Sub-Saharan African countries are closely watching developments in North African and Middle East countries, according to a South African foreign policy analyst.

Thomas Wheeler, who’s with the South African Institute of International Affairs in Johannesburg, is a former ambassador.

In Libya, where violence has perhaps claimed hundreds of lives, Wheeler says, “It certainly is in one sense unexpected because up until now they’ve managed to avoid becoming involved like so many other countries in the region. And now they seem to be deeply into it and it’s come about really rather quickly.”


He says some of the issues that sparked the spreading protests in Arab countries are similar to those in parts of sub-Saharan Africa.

“One of our more prominent commentators here has opined in one of the major newspapers, Business Day, that South Africa could soon have its own Tunisia moment. Now this doesn’t refer to Libya, but it refers to the whole situation because in South Africa we have some of the similar problems that the Arab countries have. We have a great deal of poverty and a great deal of wealth in the same country. There’s a lot of discontent about local service delivery,” he says.

That discontent has been playing out in the small, poor South African town of Wesselton, east of Johannesburg, where riots lasted for days. Residents there are angry over high unemployment, poverty and a lack of basic services.

“And also about the candidates,” he says, “who will be standing later this year, about May I think, in a local government election. And they feel that the candidates are being imposed on them from above and they are not being consulted,” he says.

Wheeler says the incident is by no means on the scale of what’s happening in Arab countries. Nevertheless, he says, “You have some of the same sort of characteristics that play here, that ordinary people are fed up with governance and they’re taking to the streets to show their dissatisfaction.”

United States of Africa

During his more than 40 years in power, Libyan leader Moammar Gadhafi has tried to exert influence on sub-Saharan countries. He once proposed a United States of Africa. But Wheeler says Gadhafi’s influence has been minimal.

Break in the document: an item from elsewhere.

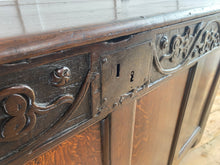 Load image into Gallery viewer, English 17th century hand carved oak coffer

“In fact,” he says, “former (South African) president Thabo Mbeki was very strongly opposed to this idea. There’s a sort of pan-African sense that you should have a closer union in Africa. But he (Mbeki) certainly didn’t agree to the idea of a United States single government for the whole of Africa, which was Gadhafi’s idea.”

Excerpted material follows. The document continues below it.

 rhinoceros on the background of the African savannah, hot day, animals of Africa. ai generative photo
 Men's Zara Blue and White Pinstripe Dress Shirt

Other sub-Saharan leaders were also lukewarm to the idea. “Who gets the big car? To sum it up in one sentence. If you have one president of Africa, what happens to all the other 53, who don’t happen to become head of state? They lose all their perks. And, of course, none of them are going to agree to that,” says Wheeler.


While poverty and high unemployment are helping to fuel the Arab protests, religion may play a role as well. The analyst believes it would have less of a role in most sub-Saharan countries. But he says it could be a factor in Ivory Coast and western countries with large Muslim populations.

“It’s certainly not an issue in southern Africa. South Africa has freedom of religion. It’s a secular state. And we have the lowest level of anti-Semitism in the world allegedly, even though we have a large Muslim community here. So there is a great deal of tolerance on religious grounds in southern Africa,” he says.